Goal of the exercise: What is needed here is an exact repetition of the records below, beginning at the line that has "page one of" and stopping after the line that has "Kopfteil Schwarz 146x4x100".

*** Opening of Dataset entries ***

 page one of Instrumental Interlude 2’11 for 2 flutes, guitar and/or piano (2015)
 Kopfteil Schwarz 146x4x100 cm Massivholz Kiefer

*** Close of Dataset entries ***
*** Opening of Dataset entries ***

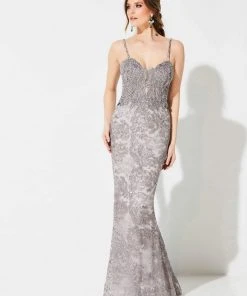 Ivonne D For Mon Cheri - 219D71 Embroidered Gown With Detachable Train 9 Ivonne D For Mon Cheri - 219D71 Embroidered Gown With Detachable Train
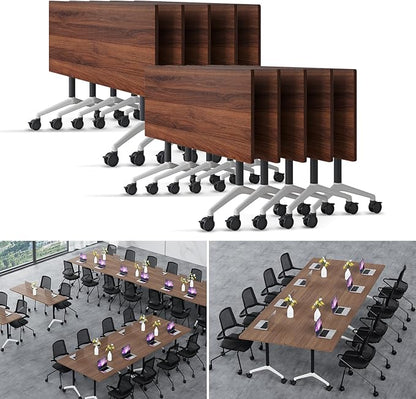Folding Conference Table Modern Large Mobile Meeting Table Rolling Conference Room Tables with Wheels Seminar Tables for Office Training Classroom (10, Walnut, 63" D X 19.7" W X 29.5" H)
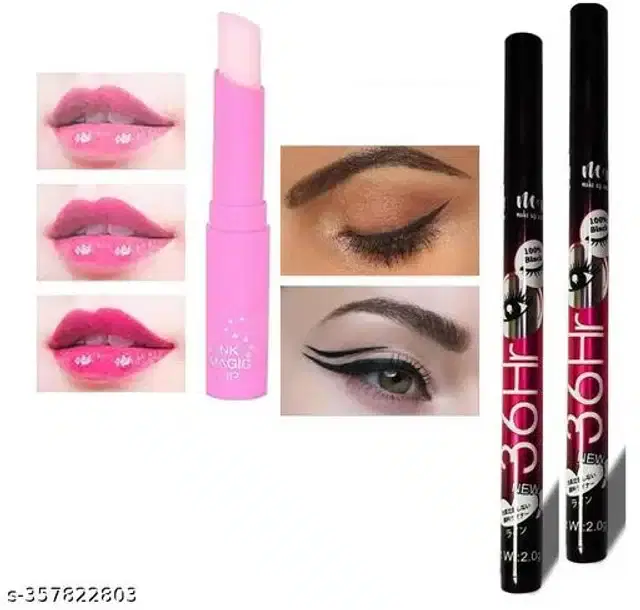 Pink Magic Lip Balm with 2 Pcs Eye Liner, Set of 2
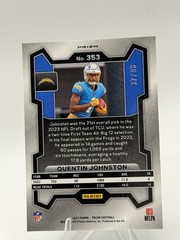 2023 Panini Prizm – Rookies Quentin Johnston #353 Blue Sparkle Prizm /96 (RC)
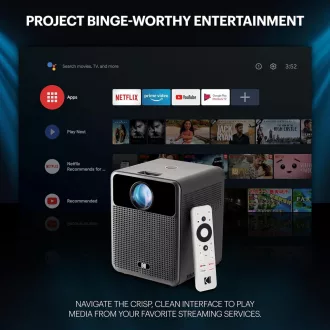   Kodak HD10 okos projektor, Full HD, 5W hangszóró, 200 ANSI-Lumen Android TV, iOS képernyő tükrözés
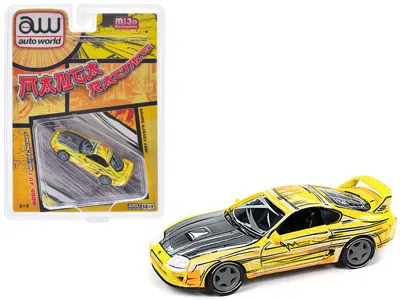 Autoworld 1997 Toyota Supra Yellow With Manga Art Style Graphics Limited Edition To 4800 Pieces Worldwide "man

*** Close of Dataset entries ***
*** Opening of Dataset entries ***

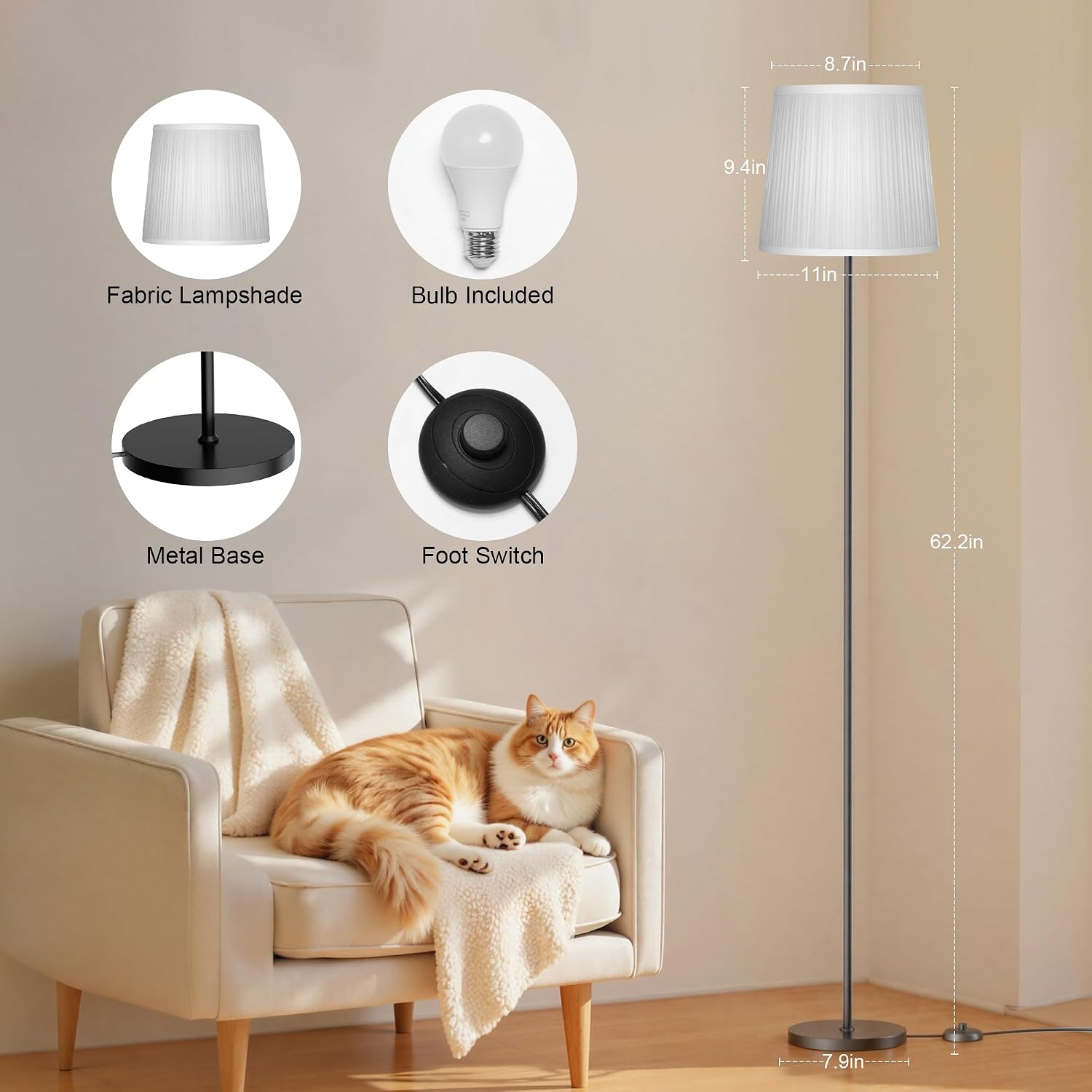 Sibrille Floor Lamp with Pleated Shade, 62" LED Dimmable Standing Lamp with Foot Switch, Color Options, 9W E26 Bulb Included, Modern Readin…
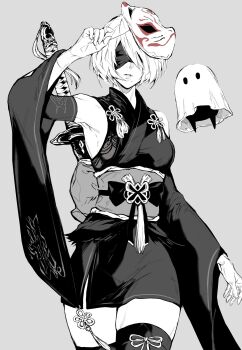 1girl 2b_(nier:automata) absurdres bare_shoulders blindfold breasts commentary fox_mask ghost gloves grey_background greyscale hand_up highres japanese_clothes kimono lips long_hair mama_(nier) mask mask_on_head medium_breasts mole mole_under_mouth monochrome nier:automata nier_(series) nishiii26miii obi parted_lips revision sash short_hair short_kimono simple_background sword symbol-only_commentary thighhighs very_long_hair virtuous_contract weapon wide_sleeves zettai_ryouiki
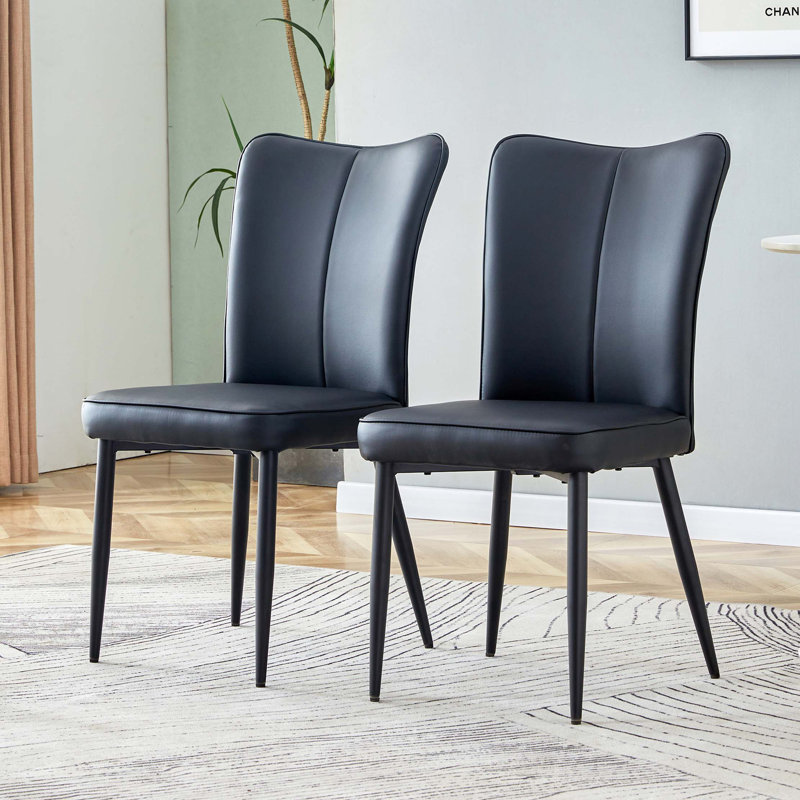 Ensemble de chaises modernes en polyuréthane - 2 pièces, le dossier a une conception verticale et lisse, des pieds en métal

*** Close of Dataset entries ***

Your solution:
 page one of Instrumental Interlude 2’11 for 2 flutes, guitar and/or piano (2015)
 Kopfteil Schwarz 146x4x100 cm Massivholz Kiefer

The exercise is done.